Feature map fusion without channel reduction?

Question

Feature map fusion without channel reduction?

opened this issue 6 years ago · comments

Firstly, thank you for the discussion in my previous post earlier! I definitely benefited from learning from you!

I have a question regarding channel reduction and would be glad if you can share your suggestions. In the paper, it was written, "...to decrease the memory consumption of the model, the number of channels in the feature map is reduced from 512 to 128 using 1 x 1 convolutions."
I am trying to run an experiment when only feature map fusion is done (without reducing channels). However, by doing so, I encountered exploded gradient. Of course, one possible direction is to reduce learning rate but I try not to do that yet as I suspect I may have implemented prototxt incorrectly or I might have missed out something that I did not realize... may I know if nan loss was encountered too in your experiment when channels are not reduced?

Iteration 20 (1.09985 iter/s, 18.1843s/20 iters), loss = nan
Train net output #0: m1@ssh_cls_loss = 87.3365 (* 1 = 87.3365 loss)
Train net output #1: m1@ssh_reg_loss = nan (* 1 = nan loss)
Train net output #2: m2@ssh_cls_loss = 87.3365 (* 1 = 87.3365 loss)
Train net output #3: m2@ssh_reg_loss = nan (* 1 = nan loss)
Train net output #4: m3@ssh_cls_loss = 87.3365 (* 1 = 87.3365 loss)
Train net output #5: m3@ssh_reg_loss = nan (* 1 = nan loss)

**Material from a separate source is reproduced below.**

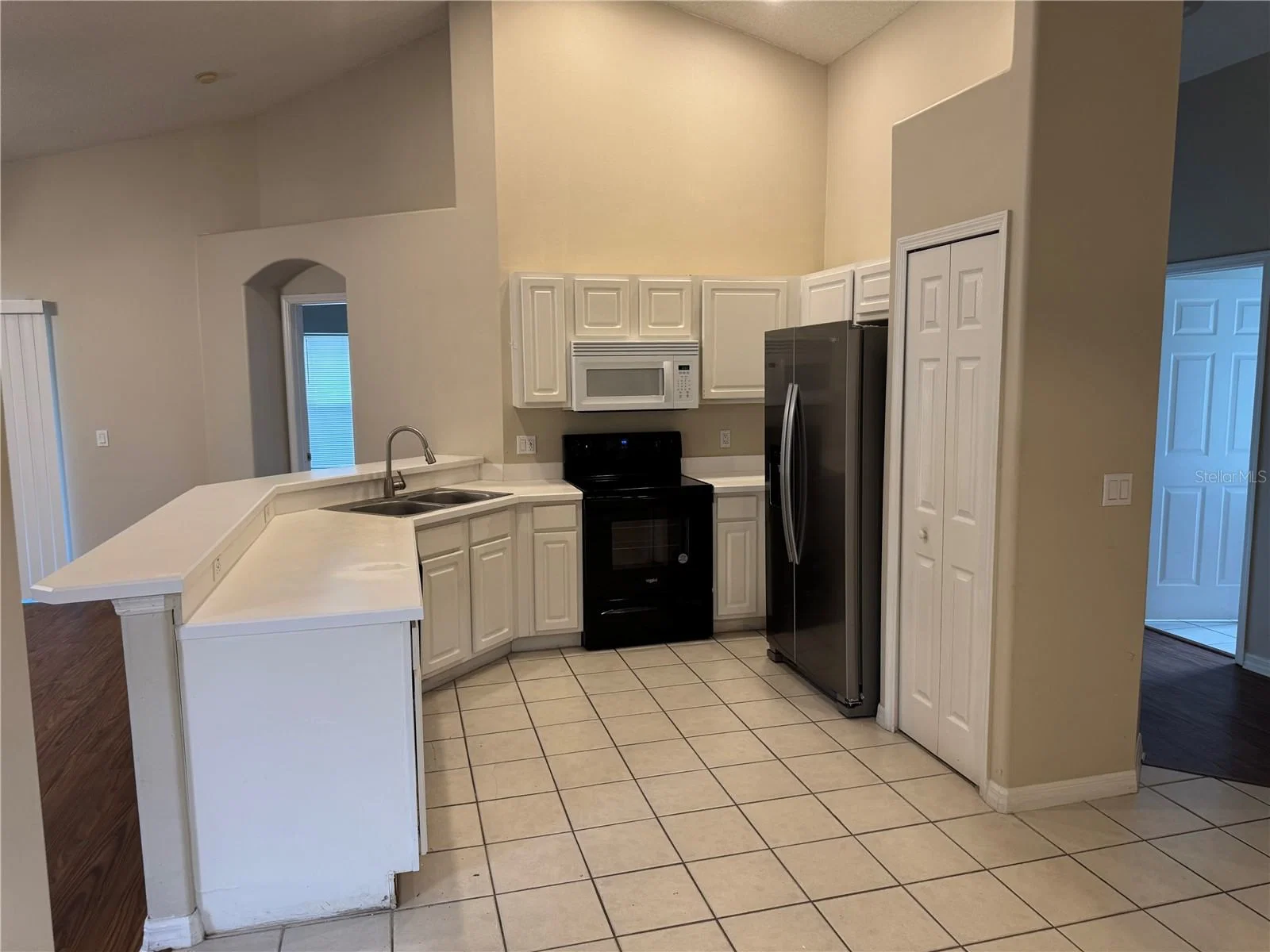 3215 CRYSTAL CREEK Boulevard 4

Prototxt modification is as follows:

#==========CONV4 Backwards for M1======

# Upsample conv5_3
layer {
  name: "conv5_3_up"
  type: "Deconvolution"
  bottom: "conv5_3"
  top: "conv5_3_up"
  convolution_param {
    kernel_size: 4 
    stride: 2
    num_output: 512
    group: 512
    pad: 1
    weight_filler: { type: "bilinear" } 
    bias_term: false
  }
  param { lr_mult: 0 decay_mult: 0 }
}



# Crop conv5_3
layer {
  name: "conv5_3_crop"
  type: "Crop"
  bottom: "conv5_3_up"
  bottom: "conv4_3"
  top: "conv5_3_crop"
  crop_param {
    axis: 2
    offset: 0
  }
}

# Eltwise summation
layer {
  name: "conv4_fuse"
  type: "Eltwise"
  bottom: "conv5_3_crop"
  bottom: "conv4_3"
  top: "conv4_fuse"
  eltwise_param {
    operation: SUM
  }
}
# Perform final 3x3 convolution
layer {
  name: "conv4_fuse_final"
  type: "Convolution"
  bottom: "conv4_fuse"
  top: "conv4_fuse_final"
  param {
    lr_mult: 1
  }
  param {
    lr_mult: 2
  }
  convolution_param {
    num_output: 512
    pad: 1
    kernel_size: 3
    weight_filler { type: "gaussian" std: 0.01 }
    bias_filler { type: "constant" value: 0 }
  }
}
layer {
  name: "conv4_fuse_final_relu"
  type: "ReLU"
  bottom: "conv4_fuse_final"
  top: "conv4_fuse_final"
}

Pouya Samangouei · Answer 1 · Mon Jun 18 2018 21:05:49 GMT+0800 (China Standard Time)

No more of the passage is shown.